BEGIN Extracted records
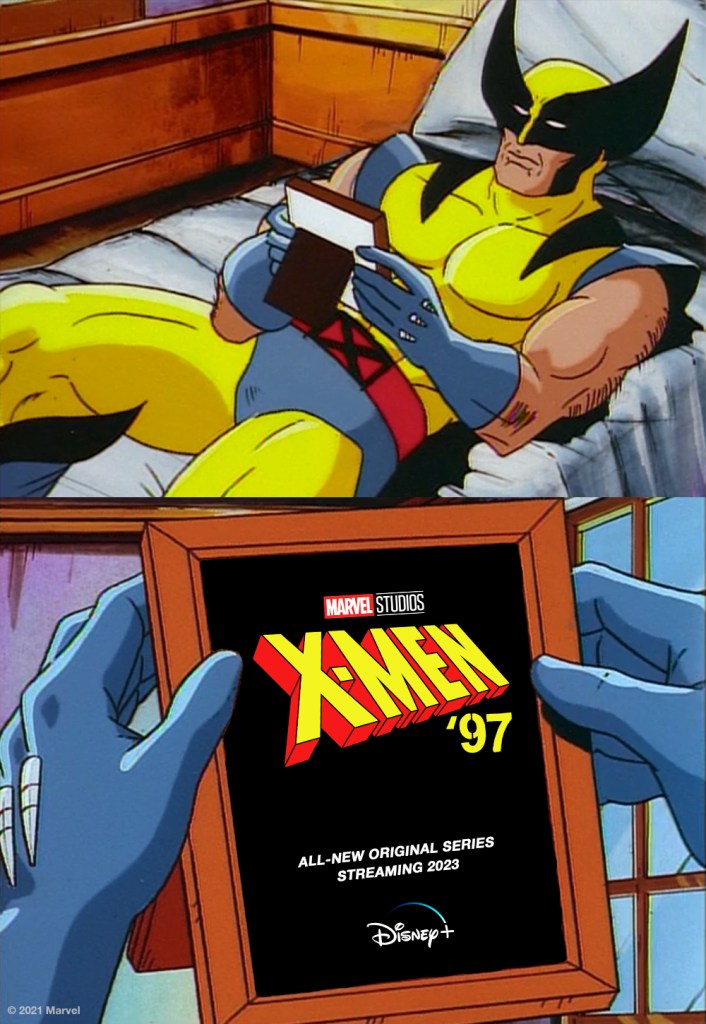 90s X-Men Animated Series Sequel Coming To Disney+ Titled X-MEN 97 5 FEAcf4dUcAET6lR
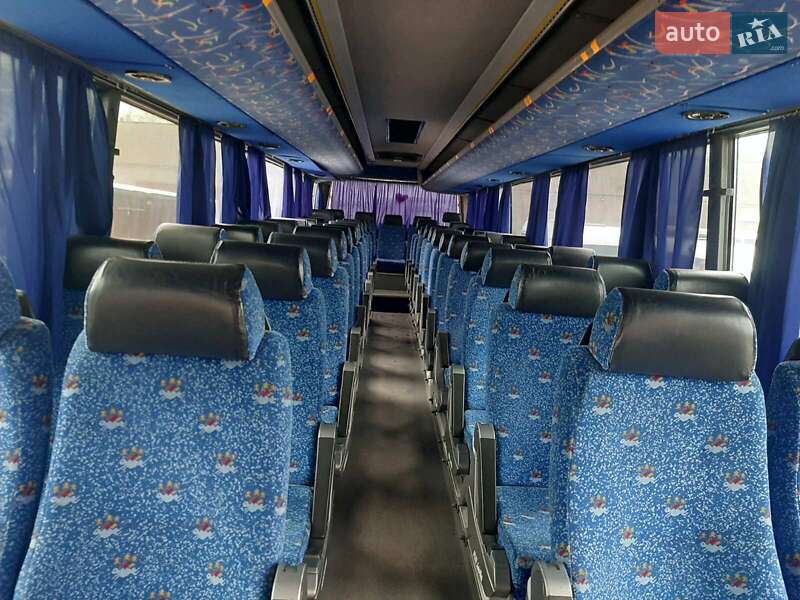 Туристичний / Міжміський автобус Mercedes-Benz OH-Series 1999 в Погребище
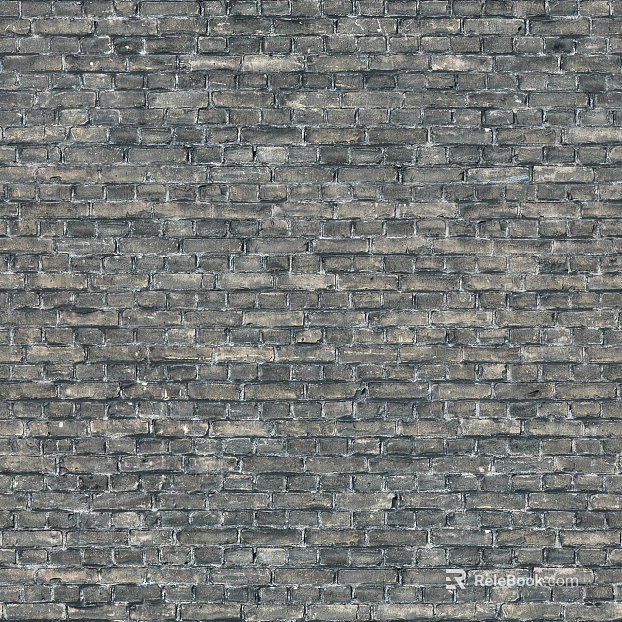 Brick wall texture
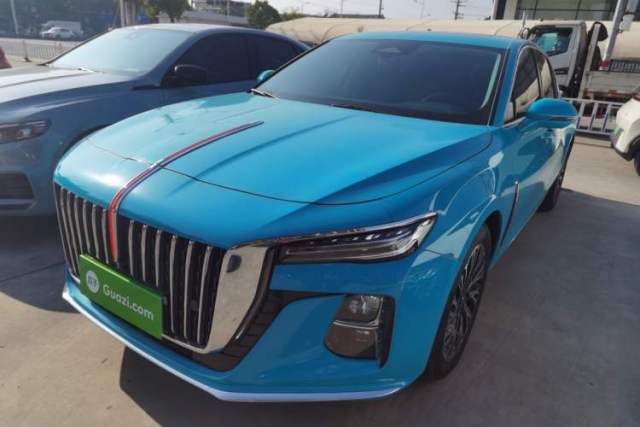 Used Hongqi H5 2024 2.0T Automatic Smart Connect Flagship Edition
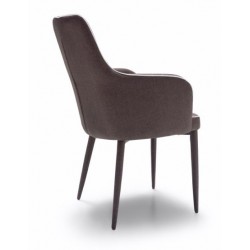 Silla Comedor Tapizada Modelo Caché - Varios Acabados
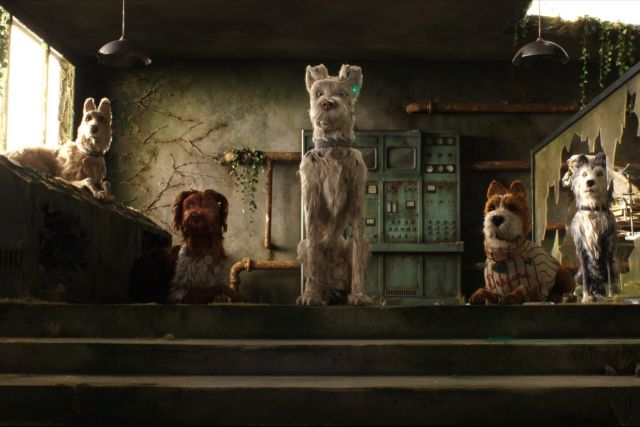 Αυλαία με Γουές Αντερσον και… Γιόκο Ονο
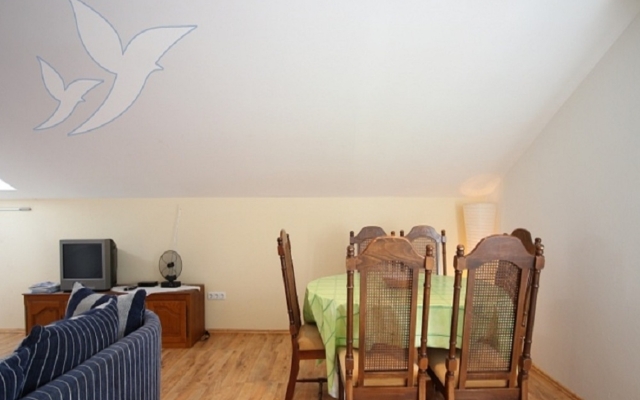 Apartment Stosa - with parking : A3 Nin, Zadar riviera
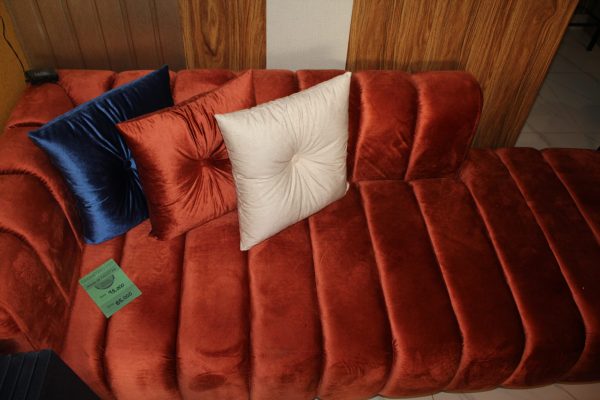 Hollister 3-Seater Sofa - Image 2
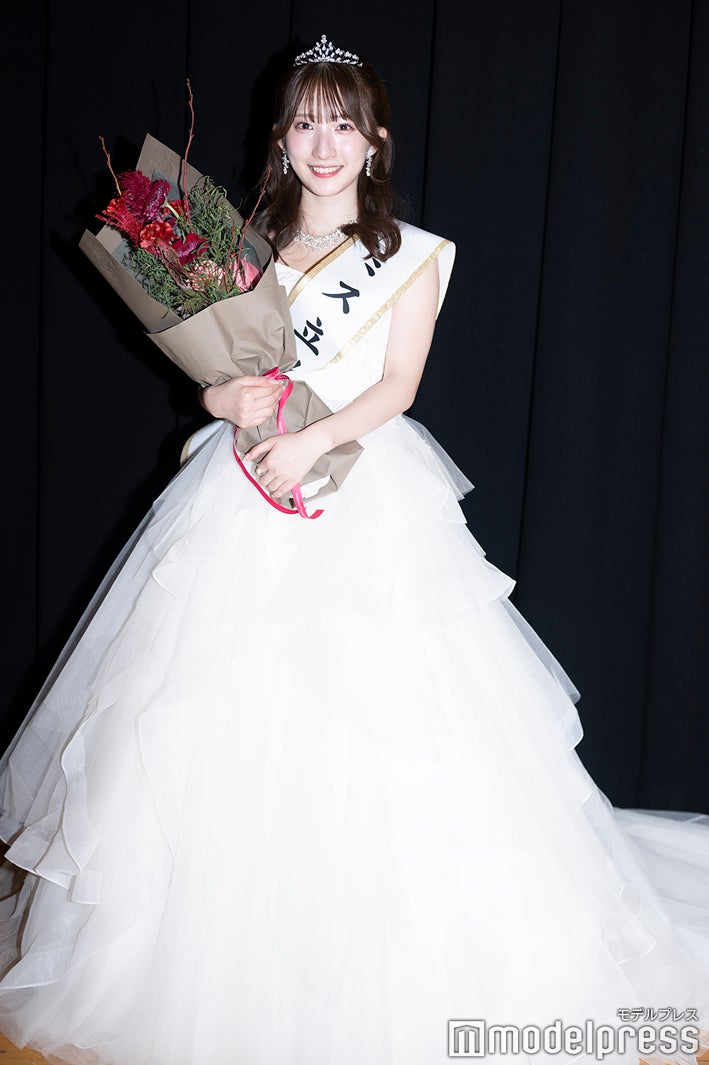 橋本華歩さん（C）モデルプレス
END Extracted records
Exercise requirements: Every record above should reappear exactly, with the pictures gone.

Answer to this exercise:
 90s X-Men Animated Series Sequel Coming To Disney+ Titled X-MEN 97 5 FEAcf4dUcAET6lR
 Туристичний / Міжміський автобус Mercedes-Benz OH-Series 1999 в Погребище
 Brick wall texture
 Used Hongqi H5 2024 2.0T Automatic Smart Connect Flagship Edition
 Silla Comedor Tapizada Modelo Caché - Varios Acabados
 Αυλαία με Γουές Αντερσον και… Γιόκο Ονο
 Apartment Stosa - with parking : A3 Nin, Zadar riviera
 Hollister 3-Seater Sofa - Image 2
 橋本華歩さん（C）モデルプレス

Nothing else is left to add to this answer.